> _Work order_
What is needed is an exact copy of all the lines below.

[Items from a data source]
───

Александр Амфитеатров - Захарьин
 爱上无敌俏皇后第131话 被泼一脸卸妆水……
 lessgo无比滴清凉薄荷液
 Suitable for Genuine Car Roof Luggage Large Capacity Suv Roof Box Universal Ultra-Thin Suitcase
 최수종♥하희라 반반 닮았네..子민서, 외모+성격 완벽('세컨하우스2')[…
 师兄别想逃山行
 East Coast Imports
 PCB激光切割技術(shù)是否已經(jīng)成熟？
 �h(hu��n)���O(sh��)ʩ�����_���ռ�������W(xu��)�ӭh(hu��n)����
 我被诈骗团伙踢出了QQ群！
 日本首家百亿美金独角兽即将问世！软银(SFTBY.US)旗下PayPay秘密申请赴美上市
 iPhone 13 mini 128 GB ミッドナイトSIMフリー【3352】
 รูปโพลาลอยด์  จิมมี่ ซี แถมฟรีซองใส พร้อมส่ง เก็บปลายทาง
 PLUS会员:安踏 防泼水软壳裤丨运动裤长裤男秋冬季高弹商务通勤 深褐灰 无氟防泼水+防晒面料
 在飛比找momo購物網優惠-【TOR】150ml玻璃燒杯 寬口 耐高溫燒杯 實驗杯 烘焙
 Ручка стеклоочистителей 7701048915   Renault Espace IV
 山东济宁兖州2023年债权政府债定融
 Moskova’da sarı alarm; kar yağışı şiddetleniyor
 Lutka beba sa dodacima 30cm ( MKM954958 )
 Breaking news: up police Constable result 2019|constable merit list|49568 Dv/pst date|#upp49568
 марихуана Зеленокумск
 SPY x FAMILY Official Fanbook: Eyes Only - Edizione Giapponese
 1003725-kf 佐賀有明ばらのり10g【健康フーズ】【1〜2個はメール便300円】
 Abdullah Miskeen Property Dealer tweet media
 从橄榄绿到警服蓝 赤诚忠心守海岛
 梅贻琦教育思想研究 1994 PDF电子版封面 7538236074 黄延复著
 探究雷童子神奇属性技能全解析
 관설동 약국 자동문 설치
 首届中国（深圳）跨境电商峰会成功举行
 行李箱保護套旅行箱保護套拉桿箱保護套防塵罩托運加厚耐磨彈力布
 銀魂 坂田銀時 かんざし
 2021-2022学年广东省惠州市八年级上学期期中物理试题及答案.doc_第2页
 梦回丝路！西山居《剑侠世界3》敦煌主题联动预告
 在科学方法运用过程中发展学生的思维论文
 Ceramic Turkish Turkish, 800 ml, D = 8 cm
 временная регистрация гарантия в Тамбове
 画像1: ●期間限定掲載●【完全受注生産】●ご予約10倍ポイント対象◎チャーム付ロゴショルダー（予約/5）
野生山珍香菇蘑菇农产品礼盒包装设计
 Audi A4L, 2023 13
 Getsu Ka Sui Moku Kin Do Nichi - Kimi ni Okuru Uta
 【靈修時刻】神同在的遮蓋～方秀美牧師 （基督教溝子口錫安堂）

───

> _Completed exercise_
Александр Амфитеатров - Захарьин
 爱上无敌俏皇后第131话 被泼一脸卸妆水……
 lessgo无比滴清凉薄荷液
 Suitable for Genuine Car Roof Luggage Large Capacity Suv Roof Box Universal Ultra-Thin Suitcase
 최수종♥하희라 반반 닮았네..子민서, 외모+성격 완벽('세컨하우스2')[…
 师兄别想逃山行
 East Coast Imports
 PCB激光切割技術(shù)是否已經(jīng)成熟？
 �h(hu��n)���O(sh��)ʩ�����_���ռ�������W(xu��)�ӭh(hu��n)����
 我被诈骗团伙踢出了QQ群！
 日本首家百亿美金独角兽即将问世！软银(SFTBY.US)旗下PayPay秘密申请赴美上市
 iPhone 13 mini 128 GB ミッドナイトSIMフリー【3352】
 รูปโพลาลอยด์  จิมมี่ ซี แถมฟรีซองใส พร้อมส่ง เก็บปลายทาง
 PLUS会员:安踏 防泼水软壳裤丨运动裤长裤男秋冬季高弹商务通勤 深褐灰 无氟防泼水+防晒面料
 在飛比找momo購物網優惠-【TOR】150ml玻璃燒杯 寬口 耐高溫燒杯 實驗杯 烘焙
 Ручка стеклоочистителей 7701048915   Renault Espace IV
 山东济宁兖州2023年债权政府债定融
 Moskova’da sarı alarm; kar yağışı şiddetleniyor
 Lutka beba sa dodacima 30cm ( MKM954958 )
 Breaking news: up police Constable result 2019|constable merit list|49568 Dv/pst date|#upp49568
 марихуана Зеленокумск
 SPY x FAMILY Official Fanbook: Eyes Only - Edizione Giapponese
 1003725-kf 佐賀有明ばらのり10g【健康フーズ】【1〜2個はメール便300円】
 Abdullah Miskeen Property Dealer tweet media
 从橄榄绿到警服蓝 赤诚忠心守海岛
 梅贻琦教育思想研究 1994 PDF电子版封面 7538236074 黄延复著
 探究雷童子神奇属性技能全解析
 관설동 약국 자동문 설치
 首届中国（深圳）跨境电商峰会成功举行
 行李箱保護套旅行箱保護套拉桿箱保護套防塵罩托運加厚耐磨彈力布
 銀魂 坂田銀時 かんざし
 2021-2022学年广东省惠州市八年级上学期期中物理试题及答案.doc_第2页
 梦回丝路！西山居《剑侠世界3》敦煌主题联动预告
 在科学方法运用过程中发展学生的思维论文
 Ceramic Turkish Turkish, 800 ml, D = 8 cm
 временная регистрация гарантия в Тамбове
 画像1: ●期間限定掲載●【完全受注生産】●ご予約10倍ポイント対象◎チャーム付ロゴショルダー（予約/5）
野生山珍香菇蘑菇农产品礼盒包装设计
 Audi A4L, 2023 13
 Getsu Ka Sui Moku Kin Do Nichi - Kimi ni Okuru Uta
 【靈修時刻】神同在的遮蓋～方秀美牧師 （基督教溝子口錫安堂）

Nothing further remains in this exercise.